If we had been asked, six months ago, if we believed that minority races among us were being treated fairly and justly by the government and the society generally, most of us would have answered “No!” And then we would have walked away from that pollster, immediately engaged and engrossed in our next text or lunch date, or movie review. It is not out business to be constantly engaged in the plight of those voiceless among us, unless we have determined and sought a specific role in the minimal energy that seeks and welcomes new recruits.

Homelessness, poverty, racial inequality, economic disparities, and the history of such blights have become such a drum-beat of cultural reality that we have grown inured to its depth. And, yet, at a moment, completely out of our daily lives, we witnessed a brutal murder of an innocent black man, under the knee of a white cop. So enraged are we, and so emboldened by the breadth and the depth of the uprising around the globe, that we breath differently, in the hope/aspiration that such sheer coldness will thaw this time, although it has so far not thawed at similar and even more devastating brutalities.
Now we are individually and collectively at the point, it seems, where our aspirations are intersecting with our needs. We need to have lunch, to find or do work with dignity, and we need to fulfil our responsibilities. Do we also need to take formal, personal and collective steps to become part of the wave of change?
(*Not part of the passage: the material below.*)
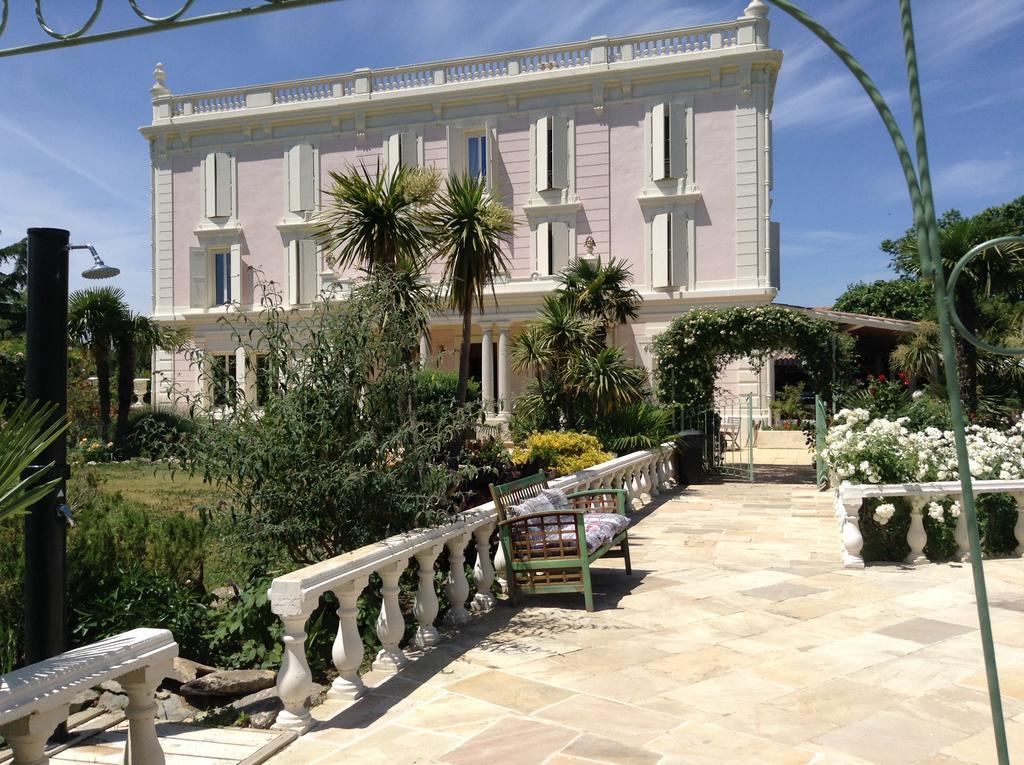 Chateau La Roque Margaux Hotel Servian Zewnętrze zdjęcie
Do we have a sense that we are participating in a moment in history that really connects with our deepest passions, beliefs, ethics, morality and personal legacy? Or do we consider such moments as merely another passing “flame” like those Roman candles on July 1 and 4 (in Canada and the U.S. respectively) that light the sky and then burn to ashes almost instantly.

Are we really part of a universal, human and humane energy that is disturbed by the various injustices, inequities, disparities, and brutalities in which we are all complicit so long as they continue? Or are we merely passing through, just eking out an existence, waiting for the next anniversary, or the next home game, or the next election, or the next promotion?
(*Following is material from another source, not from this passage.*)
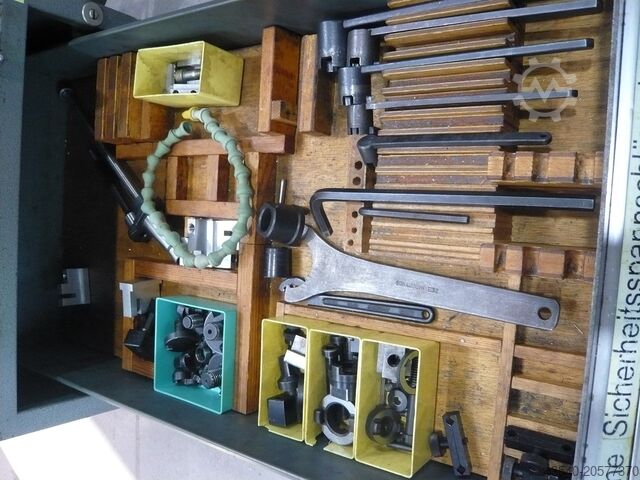 Fräsmaschine Schaublin 13 mit Zubehör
Such questions are not exclusive to a specific ethnic or religious, or geographic or political ideology. They are questions at the heart of how we see ourselves, how we consider our relative importance to the moment we are living. And they are questions begging answers that can come only from the depth and freshness of that river of our spirit, infused with the literary, and reflective and physical and engagement opportunities that we have been provided, that we have sought and that we hopefully continue to seek.

Our personal needs, it says here, are not disconnected from our aspirational needs; indeed without our aspirational needs, we would have no imaginative energy to put one foot in front of the other. Aspirations cannot be left to politicians whose promises we expect are hollow and merely mascara for their election, while anesthetizing our expectations. It is our complicity in permitting our aspiring leaders to deploy such aspirational bromides as political grease to enable their success, without transforming their aspirations into our legitimate needs, and calling for delivery, that makes us all less interested and willing to engage in the public process.

The eternal, ineffable and the mysterious, beyond the empirical digits of data to which we are all seemingly addicted, continue to hold both promise and challenge for those courageous enough to consider taking a legitimate seat at the table of the public square. 
Our participation only adds strength to the movement to right the glaring wrongs; our withdrawal, silence and cynicism only encourage those committed to their own needs, at the expense of the voiceless.